I'm going to get some shin kicking on this, I know (but I can take it ;-). 

Boil them. I was so against it and my husband (who is my best critic) made me do it one night. We boiled the suckers then BBQ'd them with sauce. They were amazing. No knife needed. Grill was a bit to scrape after though ;-)


----------



## rph

Slightly off subject, I've parboiled beef back ribs for years, then barbequed them. It speeds things up a bit; but the best part for me is reducing the resulting stock and making French onion soup the next day.


----------



## chef kaiser

hi,

from a professional point of view, i do agree with the option boil / simmer first, especially when the ribs are from an older animal. When they are soft, meaning they still dont come off the bone easaly you chill them and later marinate them in what ever flavor you like. 

thereafter grill or roast them or just panfry them if you have no grill or oven to roast.

regards


----------



## ma facon

Season the rib meat any way you want, Brown them, Place them in a shallow roasting pan in a single layer, Cover them with a liquid of choice ( preferably a viscous one ) cover tightly and place in oven @250 degrees for 3 1/2-5 hours or more if they don't fall. Add liquid if needed, Defat and reduce cooking liquid to desired consistency. I left this method vague so you can add your own flair/color/taste etc...:chef:


----------



## shahar

I agree with the precooking in low heat oven. With the liquid you can make a good glaze. Just mix it with some vinegar and molasass(tamarind and palm sugar, maple and malt vinegar, etc.).

Brush on the meat and then grill.


----------



## blueschef

I do the layered in a pan method (actually I shingle them), however I do not cover them all the way with water, furthermore, I season them with a rub (be sure to include some smoked salt if at all possible). Then I finish them on the grill with some wood and a mop. If I am doing them at home (not as many).

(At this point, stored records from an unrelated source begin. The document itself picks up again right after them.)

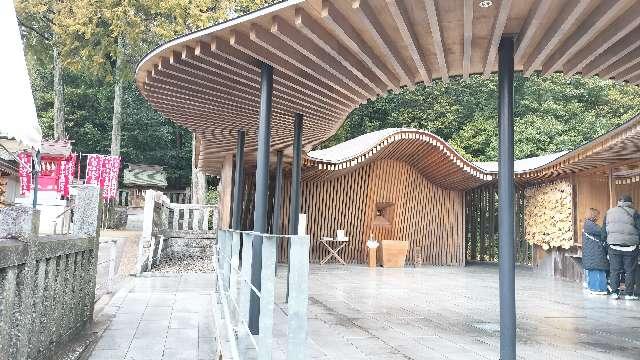 足王社の参拝記録6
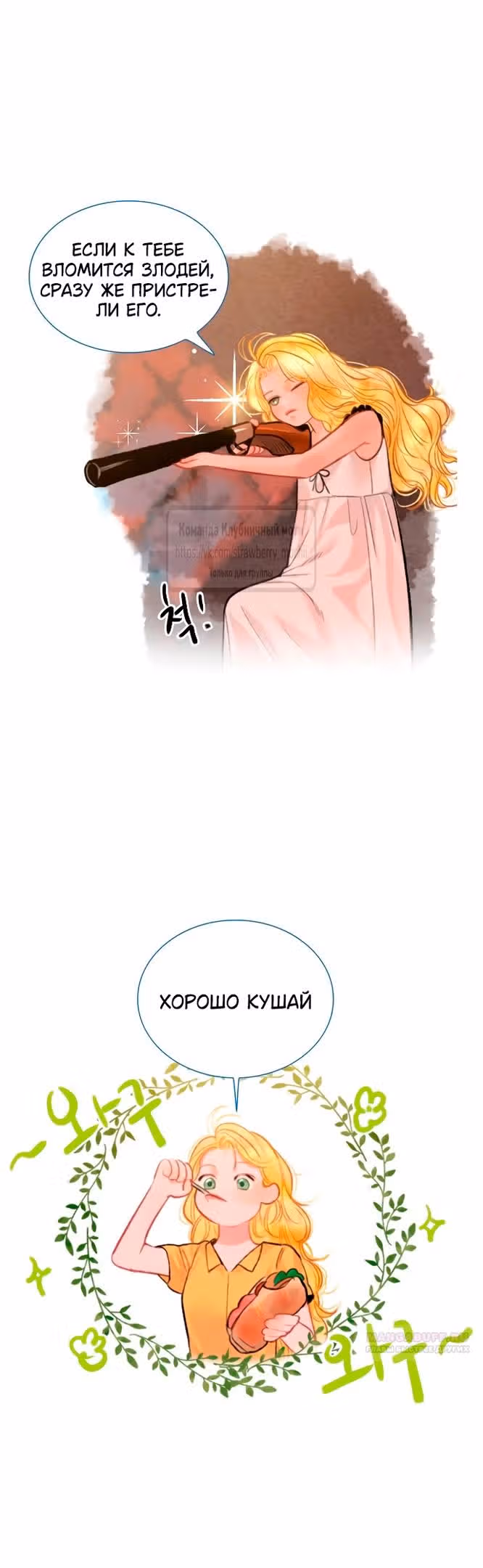 Плачь, а лучше умоляй — Том 1 · Глава 31, страница 12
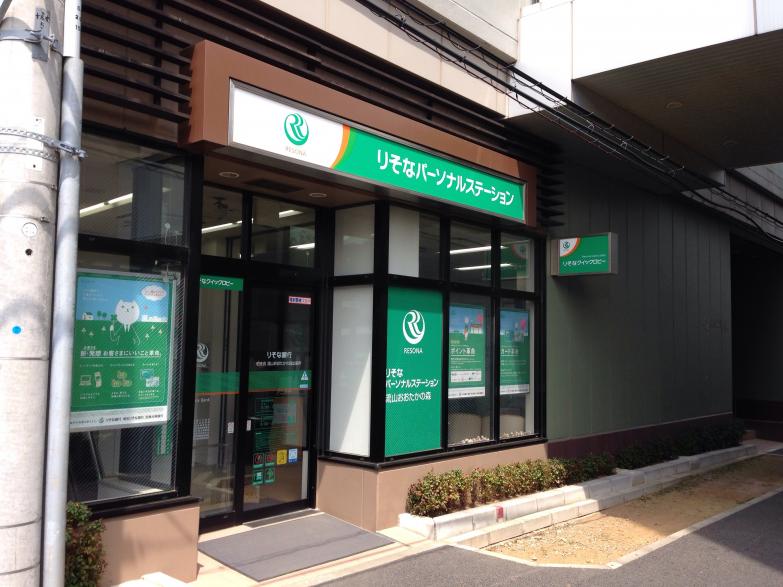 バンクマップ りそな銀行柏支店流山おおたかの森出張所 流山市西初石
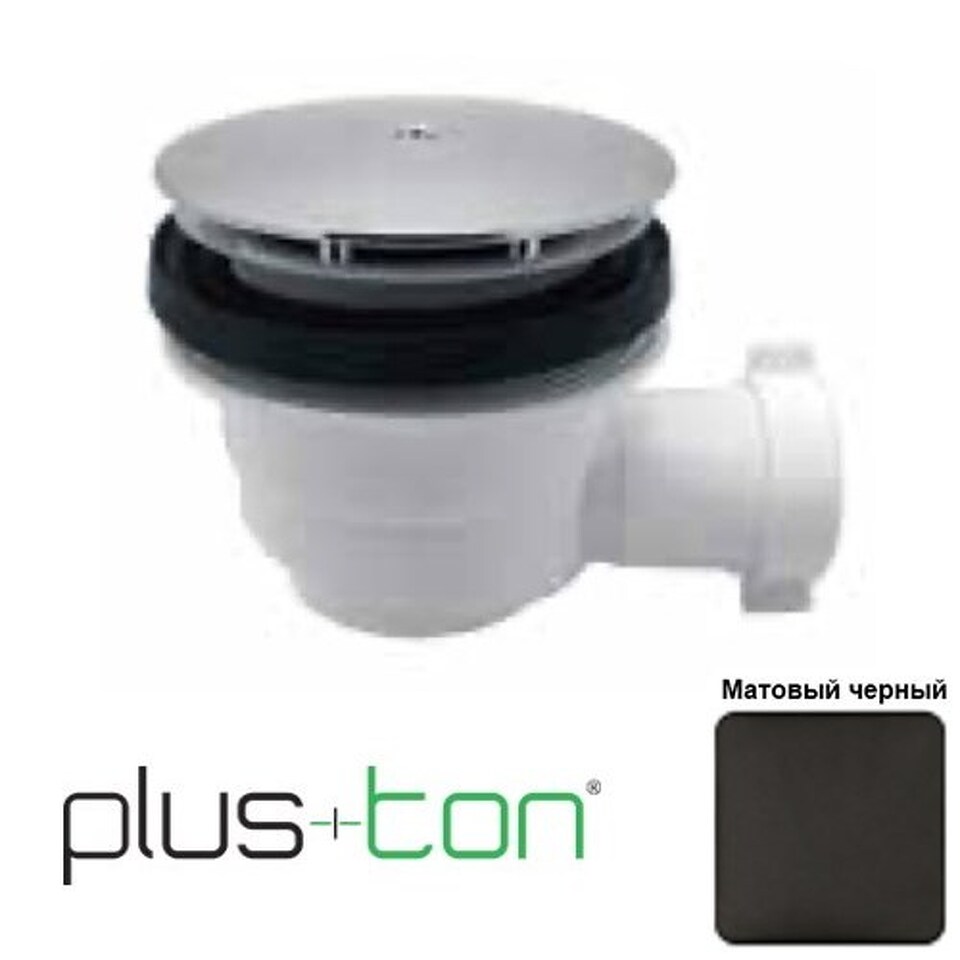 Фото №2  SCPD90CXX Althea сифон для душевого поддона  Матовый черный Plus-Ton®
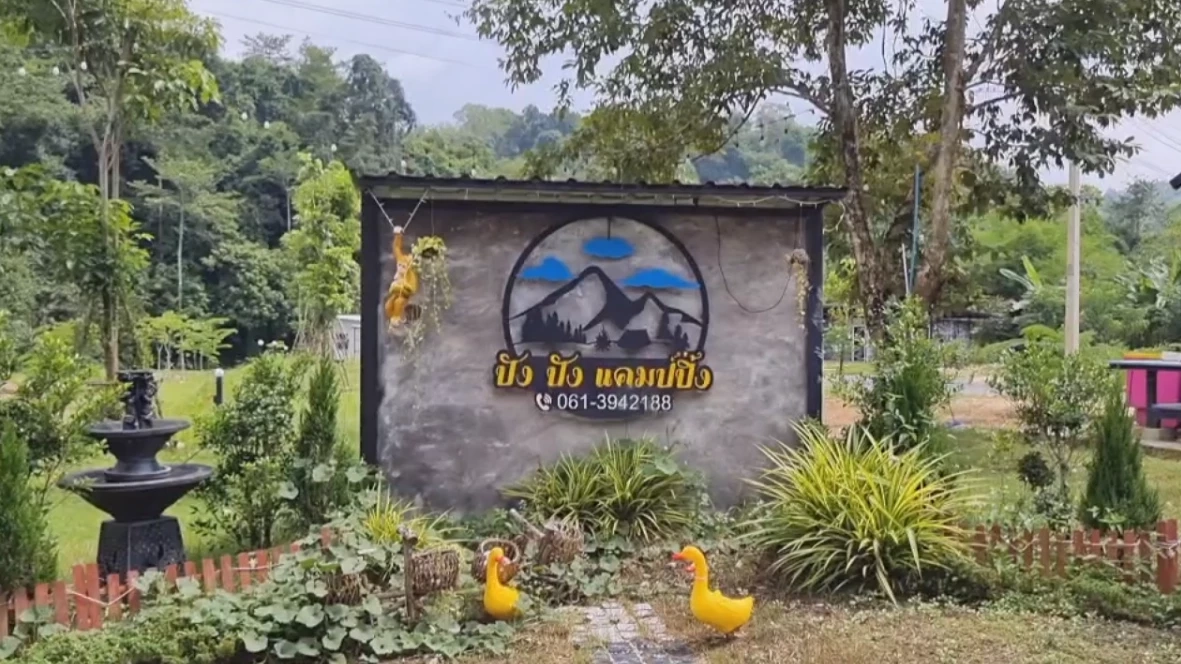 หนุ่มเจ้าของรีสอร์ทยกเลิกค่าหัว "กระสือ" 1 ล้านบาท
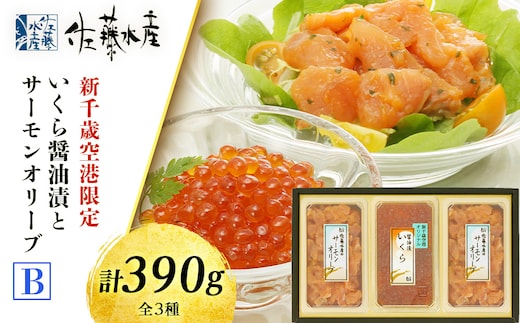 佐藤水産 いくら醤油漬(空港限定)とサーモンオリーブB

I do them in a smoker with a water bath.


----------



## icanburnwater

Hi All,

I just wanted to thank those of you that had replied to my post about the bone ribs and the meat just falling apart.. We have tried one way so far of cooking the boneless ribs and let me tell you you guys were right on the money as far as having the meat just fall apart.. Absolutely to die for.... We are going to try another of your methods next week so we dont get sick of the boneless ribs and I am sure it will turn out just as good.. I want to know why I didnt find this forum years ago, I know I would be a few pounds heavier.. It just amazes me that just changing your method or technique in cooking can make all the differance in the world when it comes to the end product.. So give yourselves a good 'pat' on the back and my wife and I thank you..


----------



## mikelm

*"We have tried one way so far of cooking the boneless ribs ... right on the money... Absolutely to die for...."*

Ummm...'burnwater

Nice to hear your unbounded enthusiasm.

Now, is there any chance you would share with us WHICH ONE IS IT?

Thanks so much,

Mike


----------



## elakin

what the heck cut of meat is boneless ribs, anyway?


----------



## italichefbobby

Their are 2 ways I know work well for making boneless ribs .on the grill fall off the bone here is #1

Boil ribs in beer , apple vinager and garlic and black pepper and salt plus add a little pepricka.  Boil on medium for about 2 hours.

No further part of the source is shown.